### Exercise prompt
Transcribe word for word the section of the records below that opens with the line containing "Belmont Provost David" and closes with the line containing "Art and Climate."; drop every picture.

### Given data
────
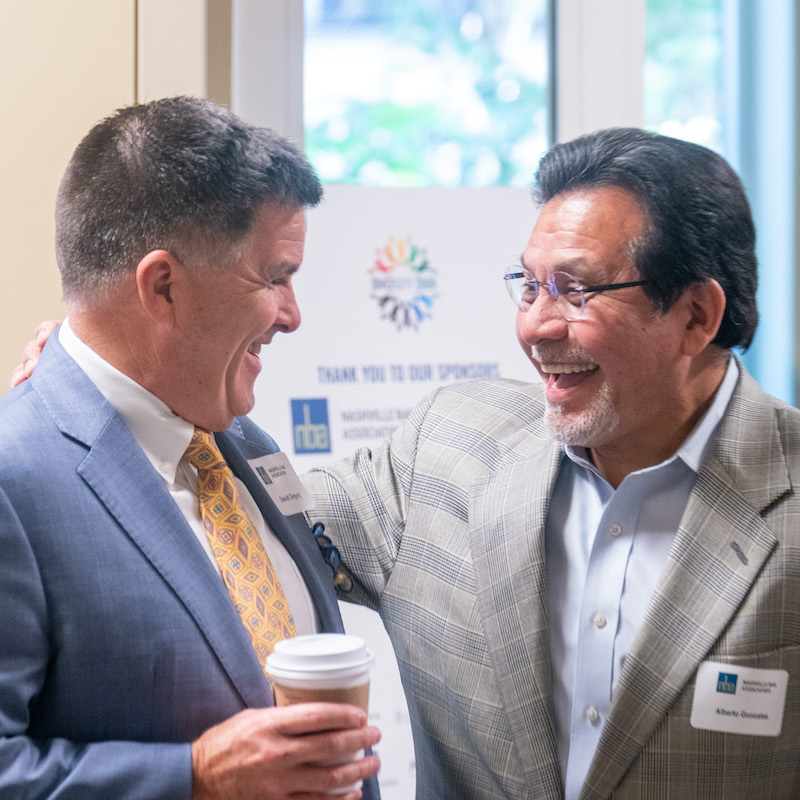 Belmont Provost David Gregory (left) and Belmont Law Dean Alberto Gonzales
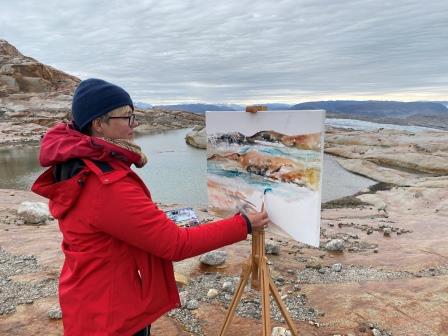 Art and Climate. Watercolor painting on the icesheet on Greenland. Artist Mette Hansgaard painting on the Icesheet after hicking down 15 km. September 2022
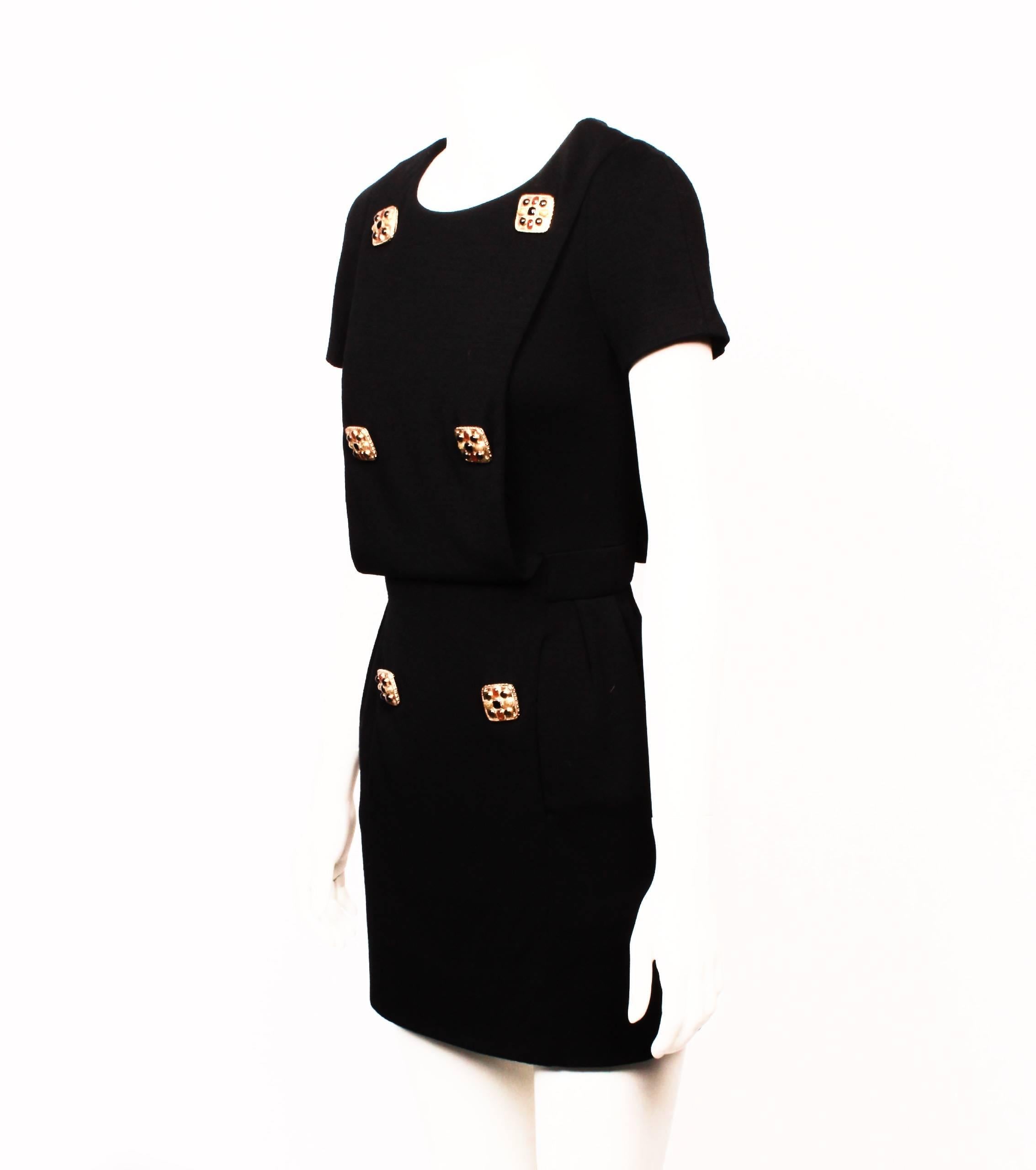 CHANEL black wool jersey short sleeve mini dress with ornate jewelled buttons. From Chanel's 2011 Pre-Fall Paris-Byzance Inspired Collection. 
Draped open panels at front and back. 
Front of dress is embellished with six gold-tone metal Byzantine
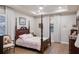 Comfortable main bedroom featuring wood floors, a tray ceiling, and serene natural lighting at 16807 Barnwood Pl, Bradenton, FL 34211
────
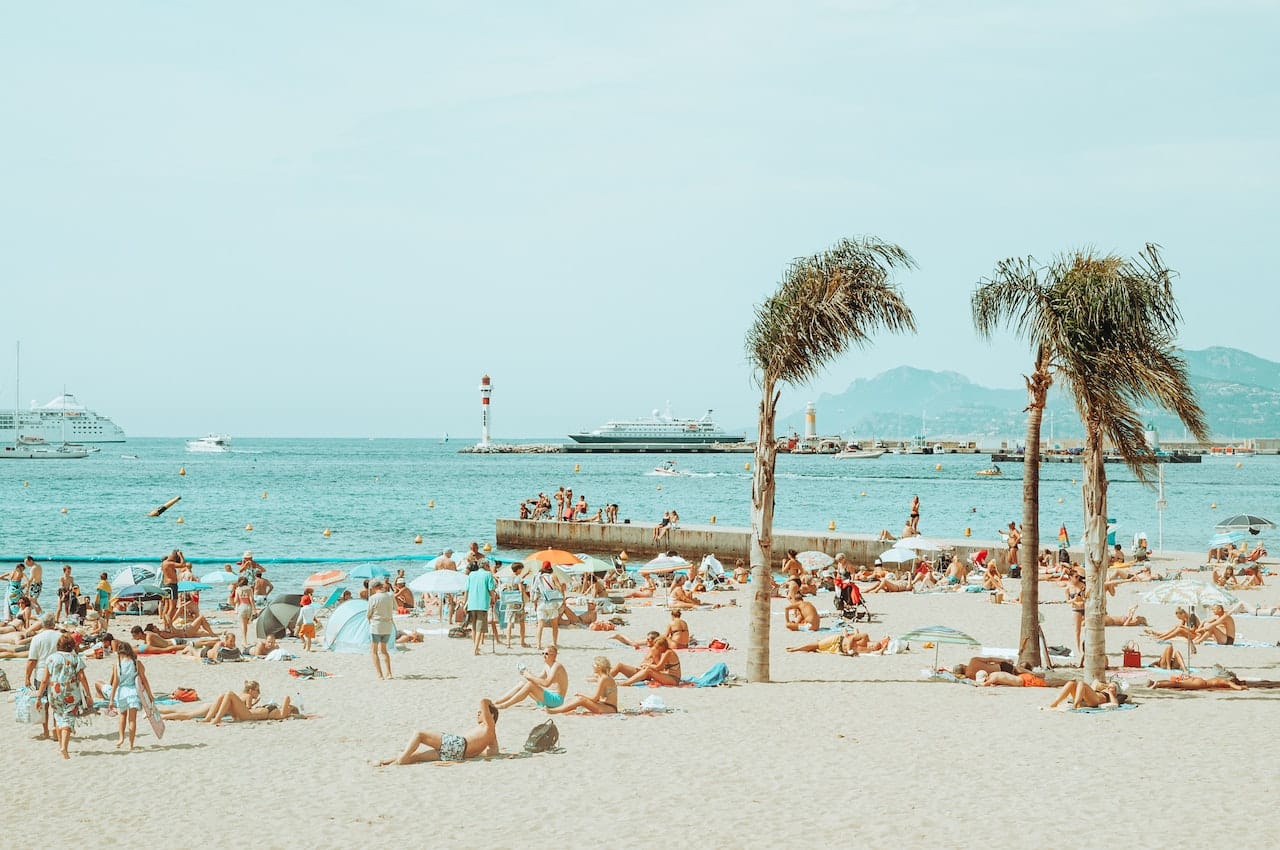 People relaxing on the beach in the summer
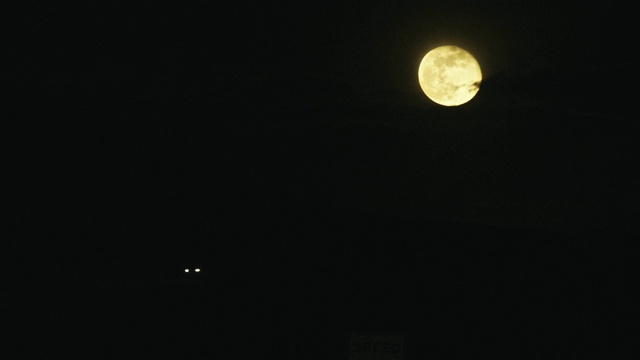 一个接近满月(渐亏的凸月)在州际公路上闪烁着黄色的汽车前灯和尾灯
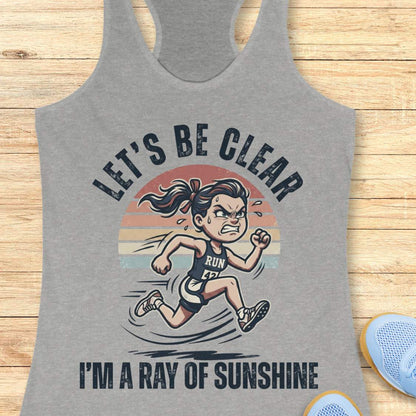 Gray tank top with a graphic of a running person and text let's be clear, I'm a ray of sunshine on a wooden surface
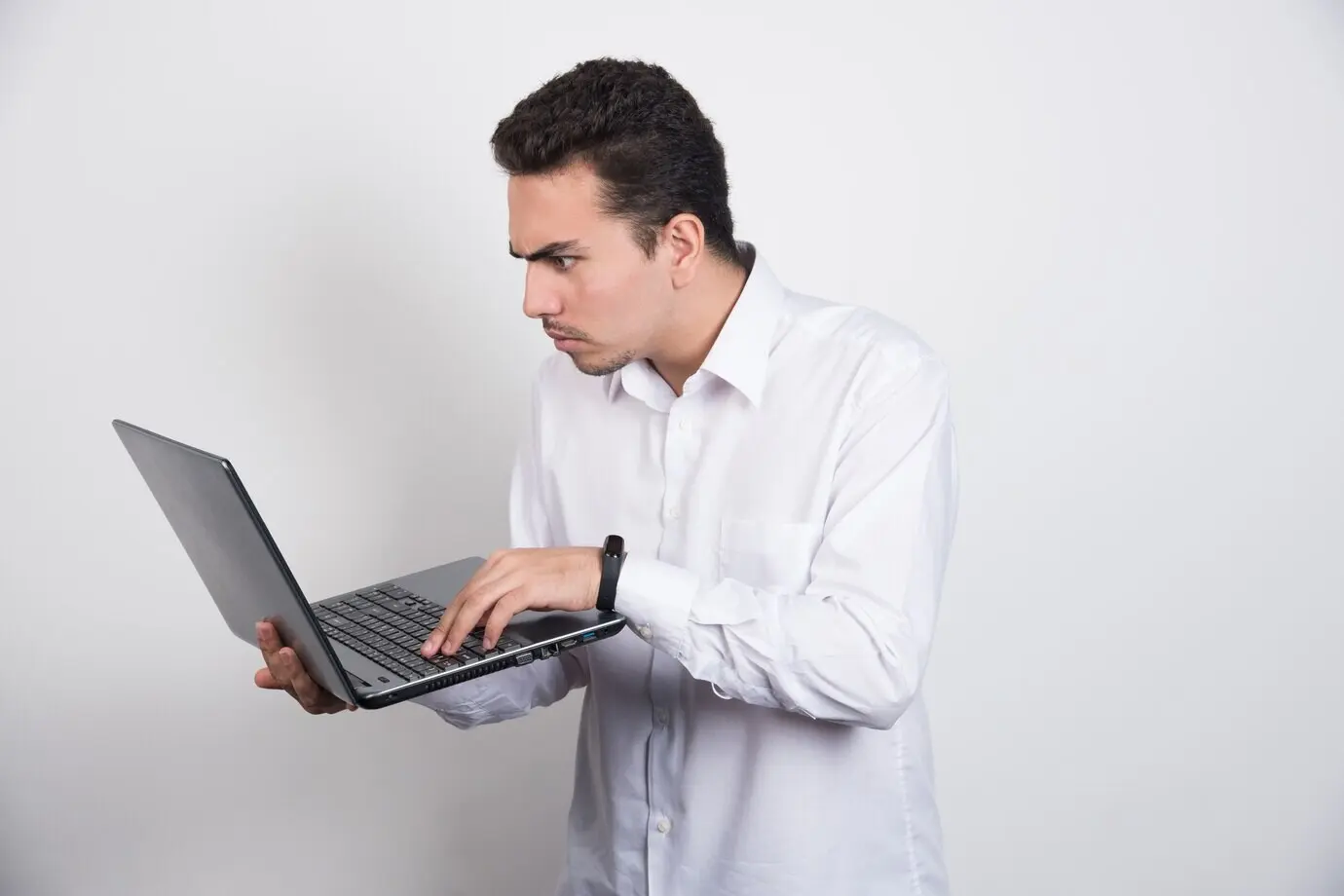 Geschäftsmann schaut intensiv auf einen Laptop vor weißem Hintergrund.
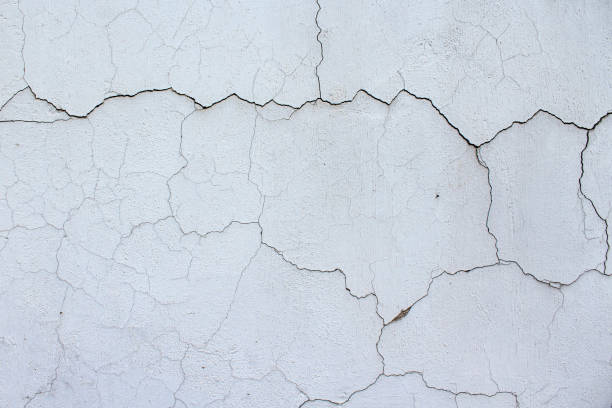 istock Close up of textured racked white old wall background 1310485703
────
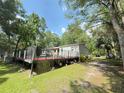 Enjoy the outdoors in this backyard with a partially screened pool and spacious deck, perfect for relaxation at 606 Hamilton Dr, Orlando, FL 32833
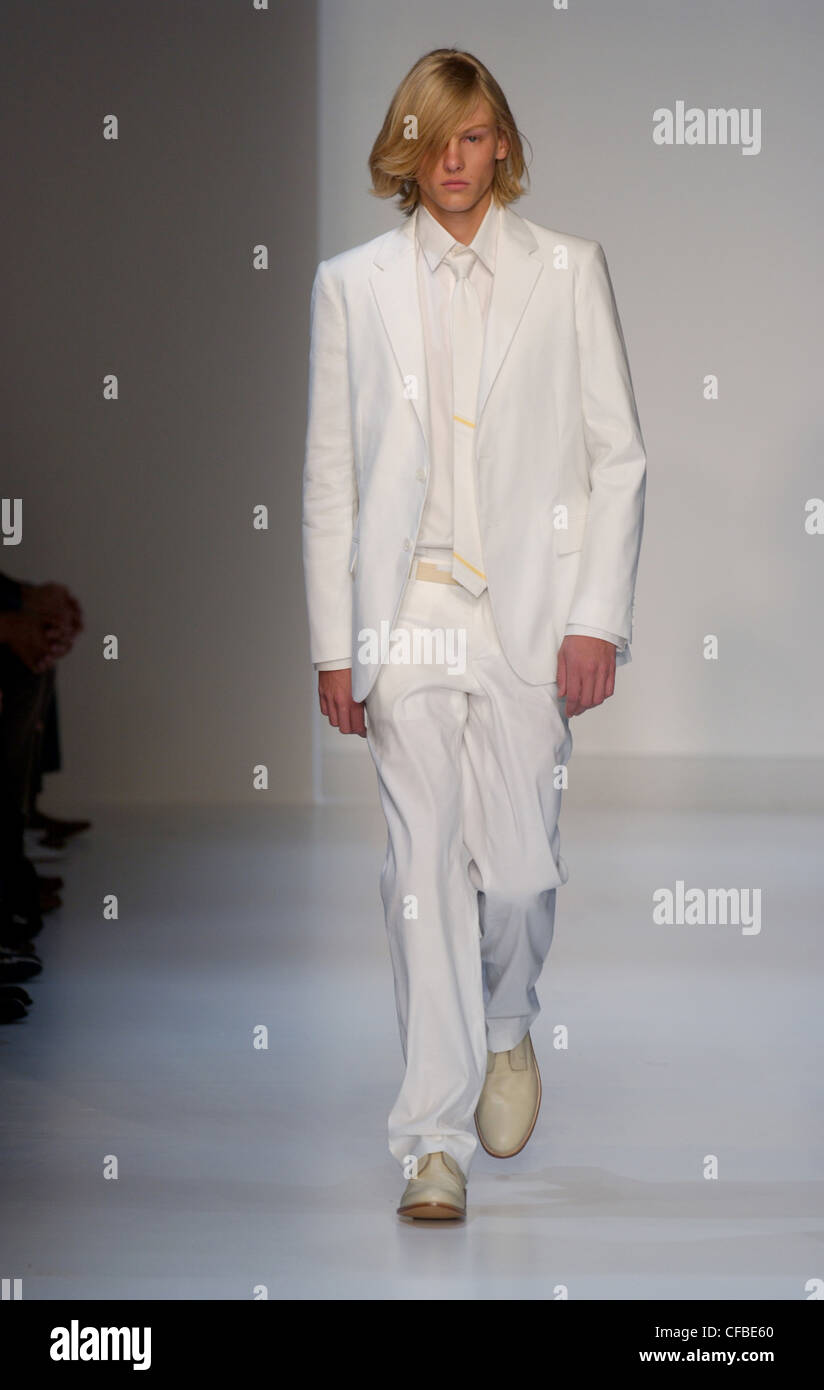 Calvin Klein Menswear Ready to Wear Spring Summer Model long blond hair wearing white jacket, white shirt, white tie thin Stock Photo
────
### Response area
 Belmont Provost David Gregory (left) and Belmont Law Dean Alberto Gonzales
 Art and Climate. Watercolor painting on the icesheet on Greenland. Artist Mette Hansgaard painting on the Icesheet after hicking down 15 km. September 2022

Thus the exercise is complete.